Matthew 27:46, 50 — And about the ninth hour Jesus cried with a loud voice, saying, Eli, Eli, lama sabachthani? that is to say, My God, my God, why hast thou forsaken me?…Jesus, when he had cried again with a loud voice, yielded up the ghost.
Today marks the anniversary of a historic breaking point. On September 11, 2001, the United States was brutally awakened to the knowledge that foreign terrorists could reach into the very heart of the nation. It was not the first such historic breaking point. On December 7, 1941 there was another such awakening, when Japanese aircraft struck an unsuspecting Pearl Harbor. On August 16, 1945 the world as a whole became aware that massive destruction could sweep whole cities away, and that tit for tat nuclear devastation could bring the end of the world.
Each of these breaking points fractures our understanding of reality. What was true one day – the comfortable assumptions underpinning life – suddenly becomes not true, and a new insecurity becomes part of daily reality.

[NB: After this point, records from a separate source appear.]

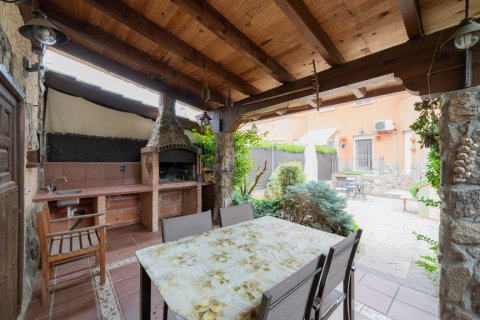 Casa adosada en venta Algete, Madrid, España 3 dormitorios, 250 m2 No. 120546 - foto 24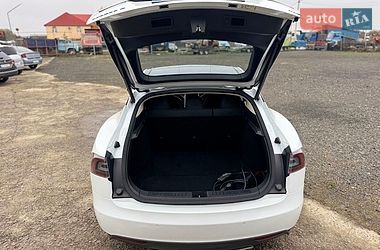 Лифтбек Tesla Model S 2015 в Луцке
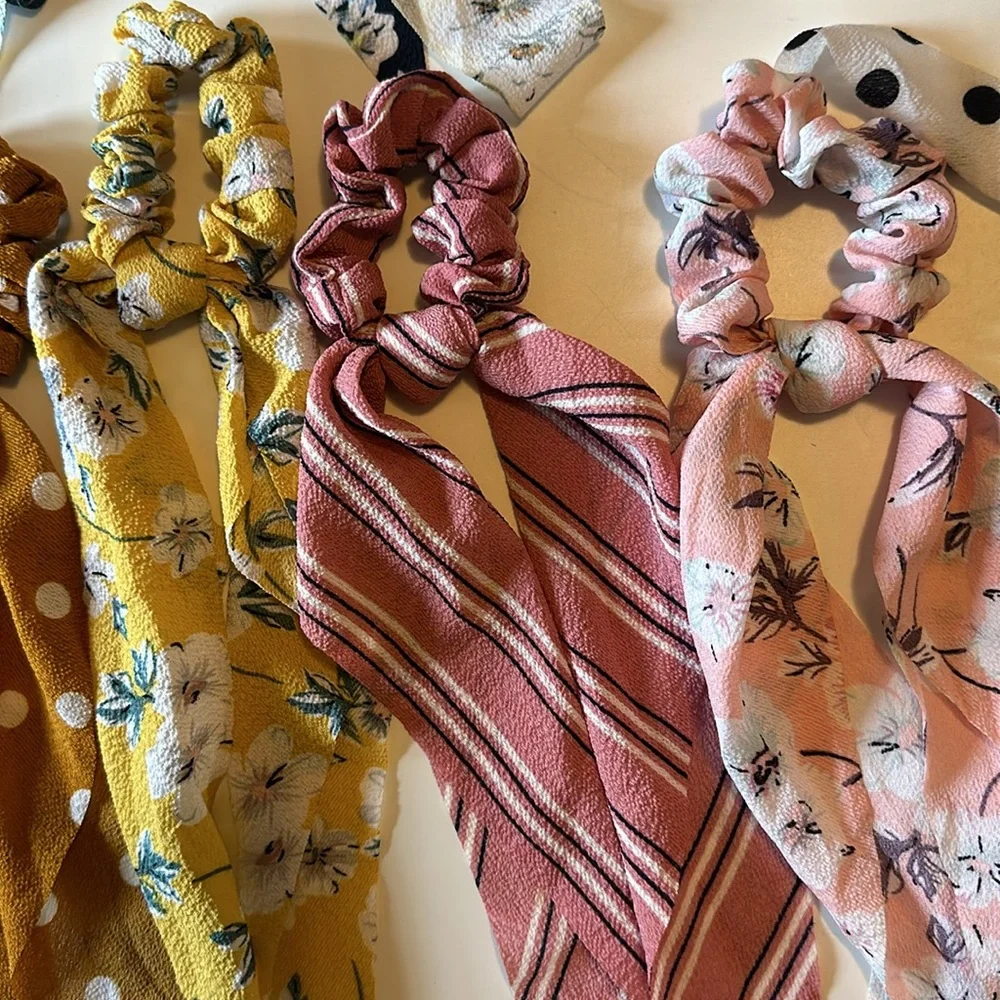 Bundle 10 Hair Ties “bandana-like”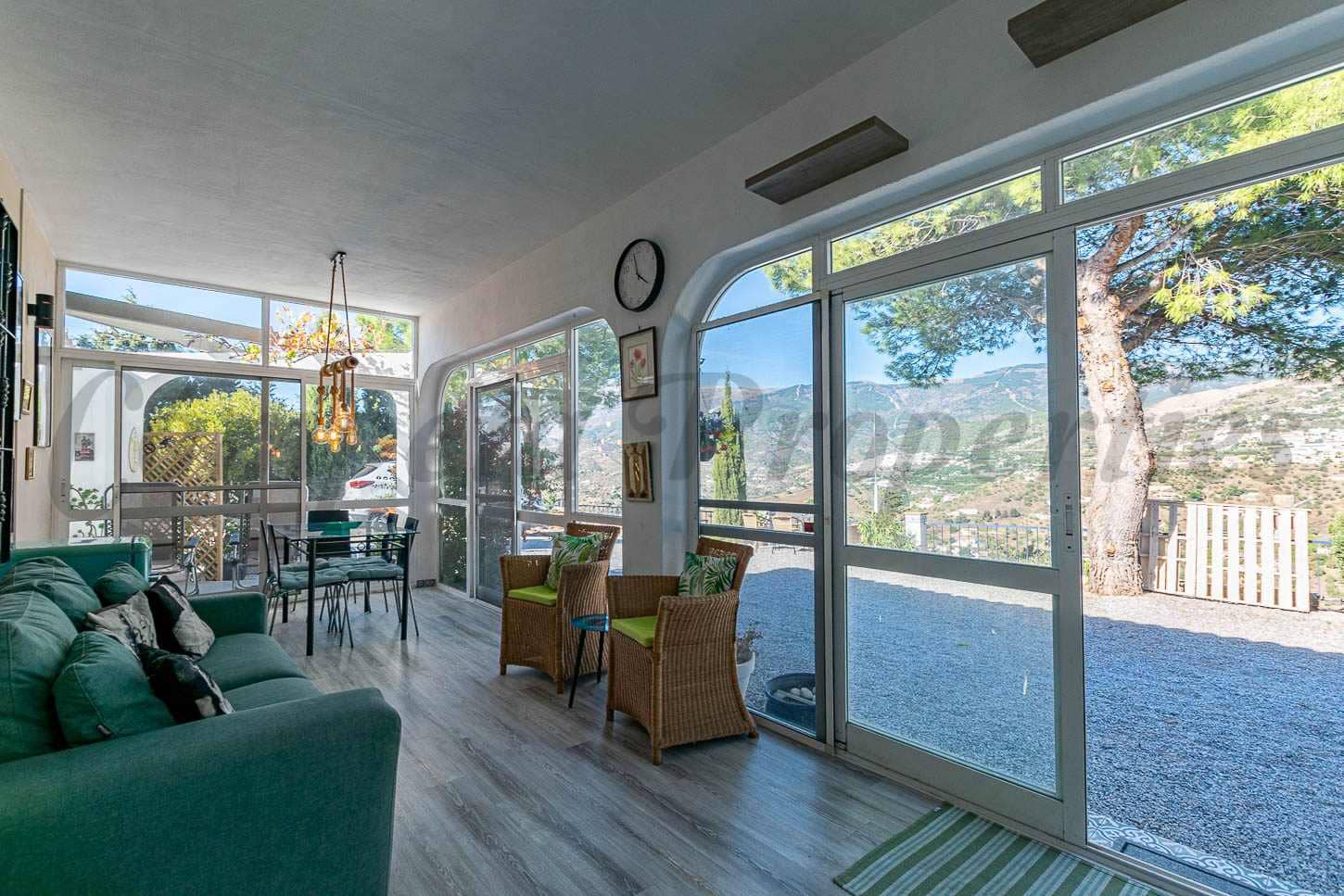 3 bedroom Villa for sale in Competa - € 375,000 (Ref: 9343536)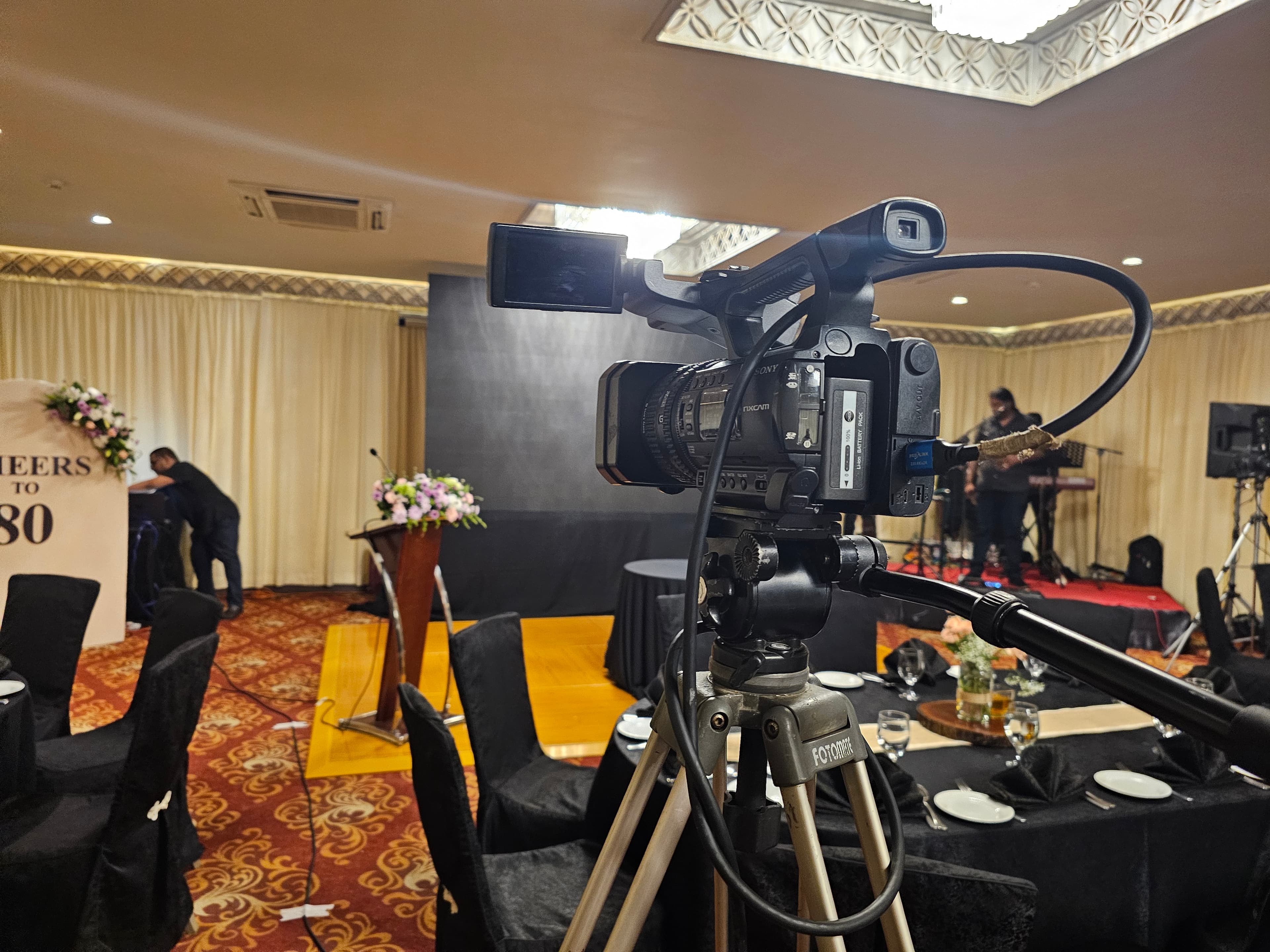 Sony HXR-NX100 Full HD Camcorder in action 2
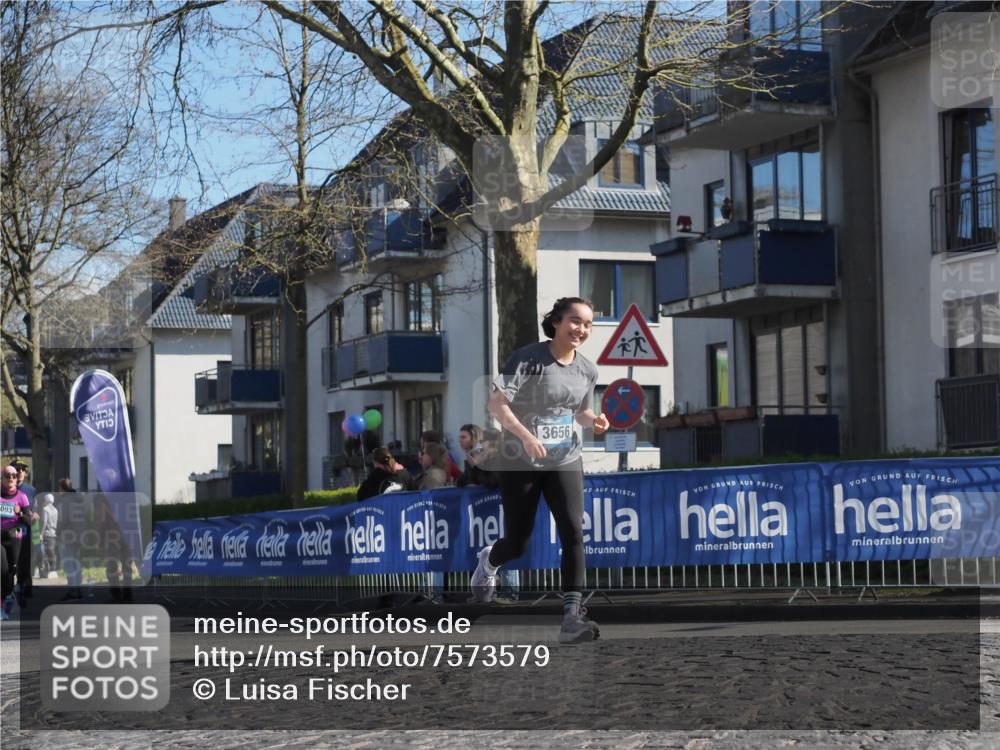 06.04.2025 - 44. Internationalen Wilhelmsburger Insellauf Luisa Fischer http://msf.ph/oto/7573579 06.04.2025 10:41:46 Ziel 093, 3656 meine-sportfotos.de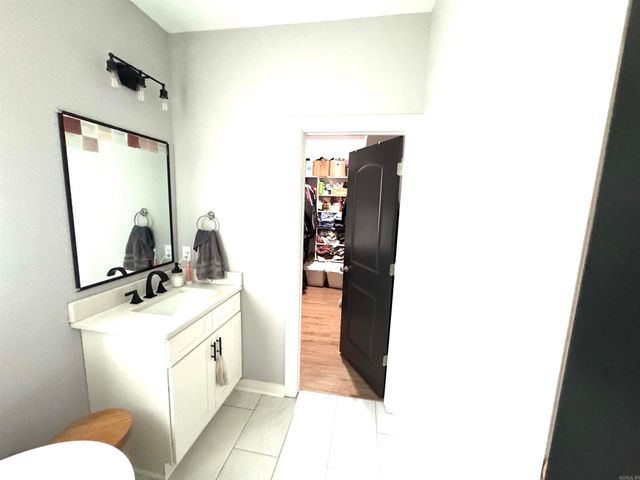 5613 Victoria Ct., Jacksonville, AR 72076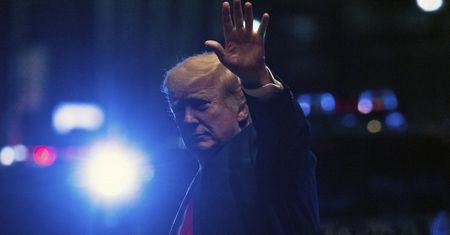 Przeszukanie u Trumpa. "Szukali dokumentów związanych z bronią jądrową"
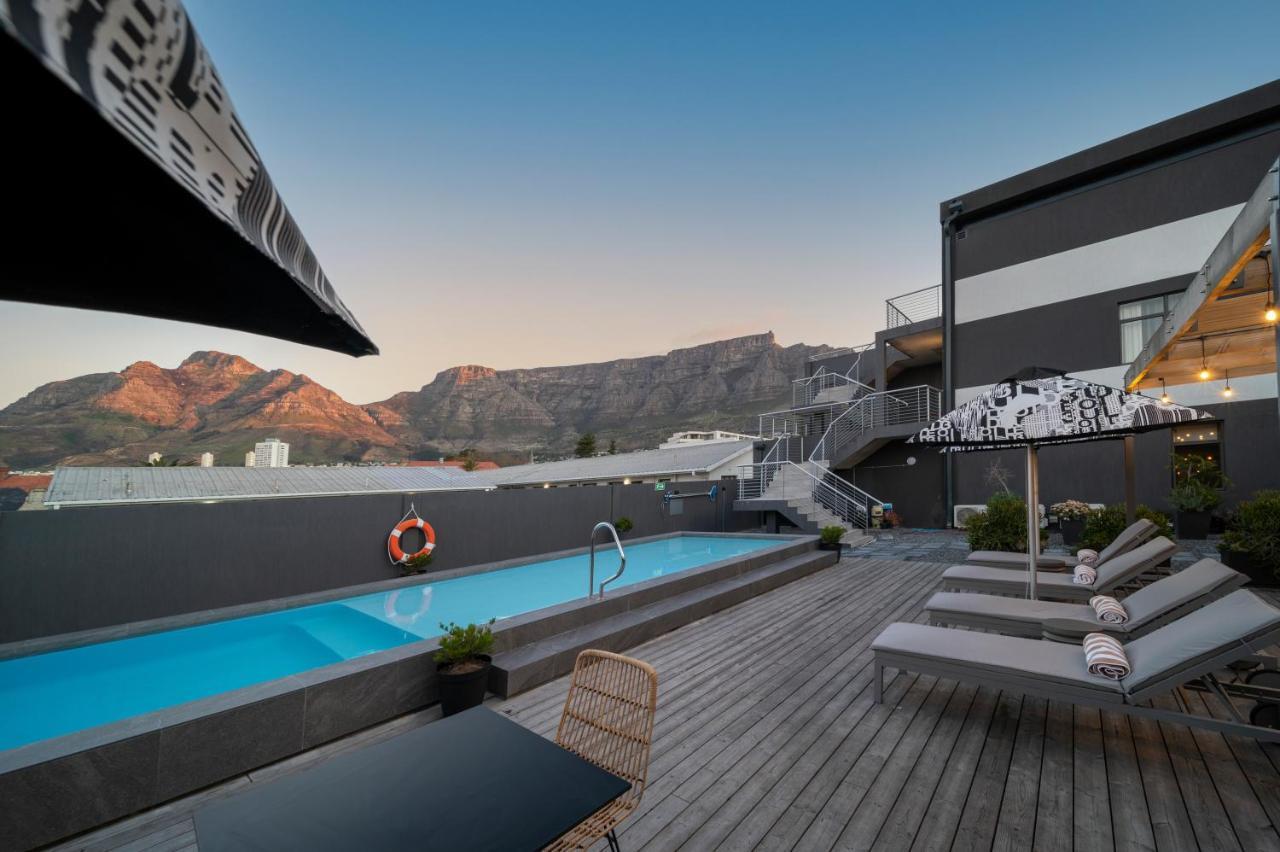 Kloof Street - Lion Roars & Cape Town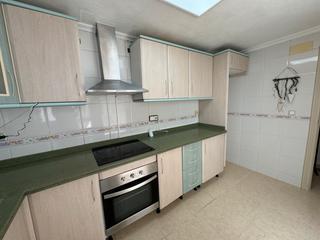 Location Appartement à Plaza Crevillente - Antiguos Juzgados - El Asilo. Piso reformado en alquiler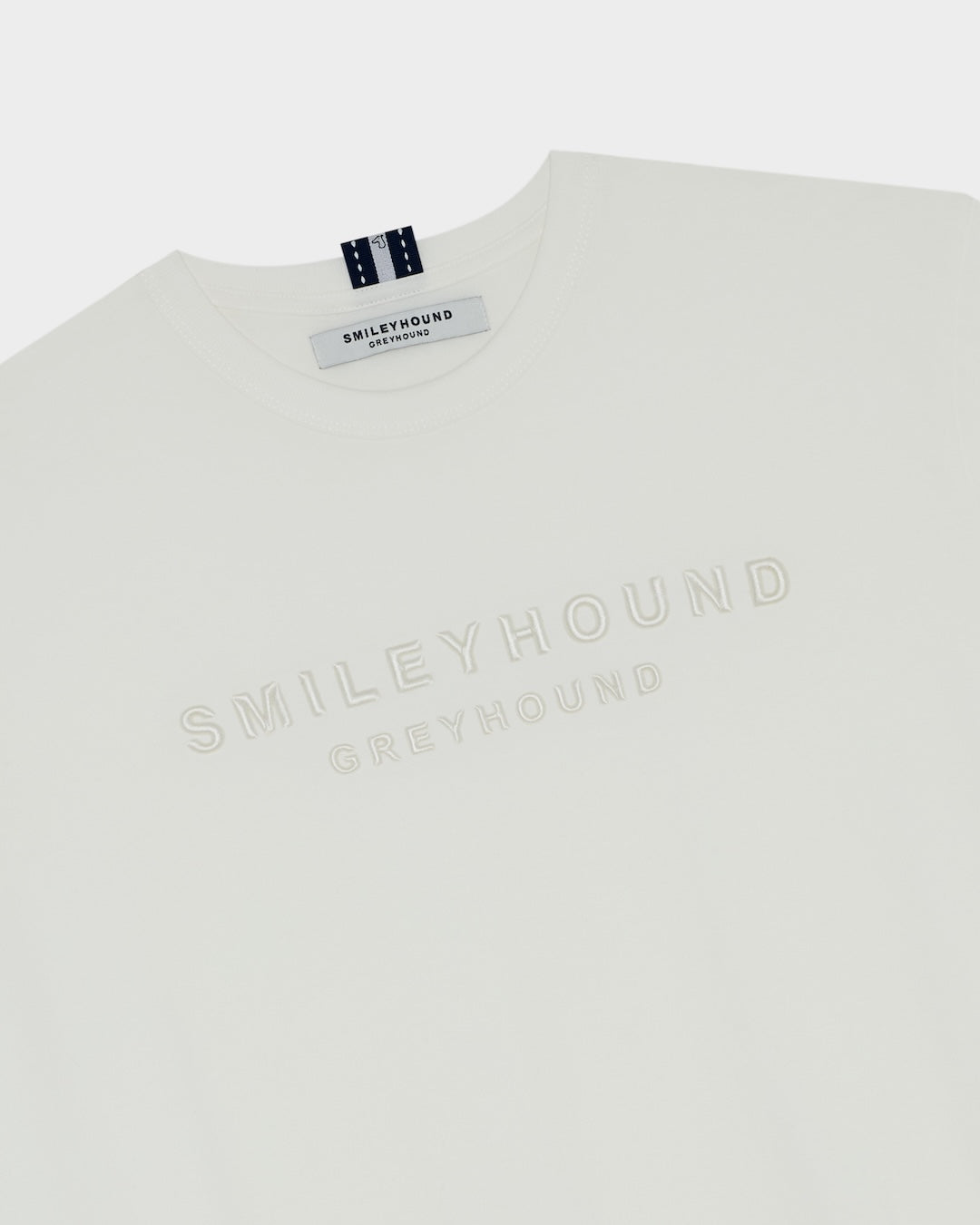 SMILEYHOUND TONE-ON-TONE  3D EMBROIDERED LOGO T-SHIRT S26MD03092-1A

How are we to react to these fractures of reality? There is a terrible tendency to seek to brush them under the carpet, to “forget”, and to revert to an old reality protected by a comforting amnesia. It is a cruel decision. Today we will remember many of the almost three thousand people killed by the four coordinated terrorist attacks of “9/11”. But there are the individuals too who cannot be remembered individually:
There be of them, that have left a name behind them, that their praises might be reported. And some there be, which have no memorial; who are perished, as though they had never been; and are become as though they had never been born; and their children after them. (Ecclesiasticus 44:8-9)
For Christians, of course, the ultimate fracture of reality happened on that day 2000 years ago, when God died, and the Father excruciatingly turned His eyes away from His Son. It would be so easy to look away from that day and its consequences – to retreat to a comfortable non-sacrificial Christianity. It would be that same cruel decision – to refuse to seek for and know the real Jesus.
Breaking points are terrible. They must demand grief, mourning, sadness and remembrance. At the same time they must elicit a positive response – a response that says “why did this happen, how can we make sure that we learn foundational lessons on which to build a better future”.
As I wrote painfully yesterday, Christians cannot choose hate and fear in the face of historic breaking points. We must remember … and turn to love.